## What you will do
Working from the entries below, give again each line from the first through the one containing "Group of people", exactly and with nothing else.

## Task data
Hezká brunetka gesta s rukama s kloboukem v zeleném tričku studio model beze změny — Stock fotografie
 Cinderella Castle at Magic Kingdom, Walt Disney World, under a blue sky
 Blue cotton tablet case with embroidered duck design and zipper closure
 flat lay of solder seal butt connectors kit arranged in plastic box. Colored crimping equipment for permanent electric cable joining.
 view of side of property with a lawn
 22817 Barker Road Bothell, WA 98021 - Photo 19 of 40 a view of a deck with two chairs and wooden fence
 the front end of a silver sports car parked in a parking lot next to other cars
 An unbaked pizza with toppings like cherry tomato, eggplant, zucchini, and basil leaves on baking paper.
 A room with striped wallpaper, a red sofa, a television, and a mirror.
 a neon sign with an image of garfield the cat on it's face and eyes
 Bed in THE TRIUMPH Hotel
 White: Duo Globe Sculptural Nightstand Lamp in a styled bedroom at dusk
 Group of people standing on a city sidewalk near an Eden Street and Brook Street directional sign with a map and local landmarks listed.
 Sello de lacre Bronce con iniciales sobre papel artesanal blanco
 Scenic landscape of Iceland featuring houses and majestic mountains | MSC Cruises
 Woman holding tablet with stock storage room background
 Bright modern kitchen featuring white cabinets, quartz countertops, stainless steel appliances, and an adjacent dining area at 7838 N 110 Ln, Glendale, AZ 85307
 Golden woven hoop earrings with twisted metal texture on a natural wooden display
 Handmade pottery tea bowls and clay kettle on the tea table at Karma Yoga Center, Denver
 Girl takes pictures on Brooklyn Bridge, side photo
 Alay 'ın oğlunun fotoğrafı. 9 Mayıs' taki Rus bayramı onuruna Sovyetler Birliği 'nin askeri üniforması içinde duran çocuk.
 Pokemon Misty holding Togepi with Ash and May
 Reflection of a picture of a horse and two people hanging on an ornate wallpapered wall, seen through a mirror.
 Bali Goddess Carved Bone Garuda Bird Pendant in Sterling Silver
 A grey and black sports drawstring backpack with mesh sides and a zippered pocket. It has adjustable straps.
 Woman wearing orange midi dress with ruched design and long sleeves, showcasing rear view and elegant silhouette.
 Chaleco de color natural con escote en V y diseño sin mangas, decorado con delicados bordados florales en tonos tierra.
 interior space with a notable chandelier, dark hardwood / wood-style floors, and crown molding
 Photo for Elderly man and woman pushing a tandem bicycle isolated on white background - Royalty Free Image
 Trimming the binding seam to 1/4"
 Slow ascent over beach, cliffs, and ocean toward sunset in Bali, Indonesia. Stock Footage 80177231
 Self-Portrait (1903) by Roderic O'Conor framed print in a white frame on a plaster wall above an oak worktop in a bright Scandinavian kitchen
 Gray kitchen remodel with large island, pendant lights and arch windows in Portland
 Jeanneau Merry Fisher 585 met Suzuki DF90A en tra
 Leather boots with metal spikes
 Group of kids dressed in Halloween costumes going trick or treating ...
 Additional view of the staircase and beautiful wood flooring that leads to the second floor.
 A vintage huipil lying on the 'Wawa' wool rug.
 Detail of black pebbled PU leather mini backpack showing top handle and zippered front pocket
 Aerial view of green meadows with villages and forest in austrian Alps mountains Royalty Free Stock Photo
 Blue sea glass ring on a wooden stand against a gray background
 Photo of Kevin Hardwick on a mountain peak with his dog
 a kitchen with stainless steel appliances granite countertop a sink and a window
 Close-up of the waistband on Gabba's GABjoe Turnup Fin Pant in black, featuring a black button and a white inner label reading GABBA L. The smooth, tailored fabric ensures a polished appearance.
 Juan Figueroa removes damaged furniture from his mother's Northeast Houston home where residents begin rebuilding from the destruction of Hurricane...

## Problem solution
Hezká brunetka gesta s rukama s kloboukem v zeleném tričku studio model beze změny — Stock fotografie
 Cinderella Castle at Magic Kingdom, Walt Disney World, under a blue sky
 Blue cotton tablet case with embroidered duck design and zipper closure
 flat lay of solder seal butt connectors kit arranged in plastic box. Colored crimping equipment for permanent electric cable joining.
 view of side of property with a lawn
 22817 Barker Road Bothell, WA 98021 - Photo 19 of 40 a view of a deck with two chairs and wooden fence
 the front end of a silver sports car parked in a parking lot next to other cars
 An unbaked pizza with toppings like cherry tomato, eggplant, zucchini, and basil leaves on baking paper.
 A room with striped wallpaper, a red sofa, a television, and a mirror.
 a neon sign with an image of garfield the cat on it's face and eyes
 Bed in THE TRIUMPH Hotel
 White: Duo Globe Sculptural Nightstand Lamp in a styled bedroom at dusk
 Group of people standing on a city sidewalk near an Eden Street and Brook Street directional sign with a map and local landmarks listed.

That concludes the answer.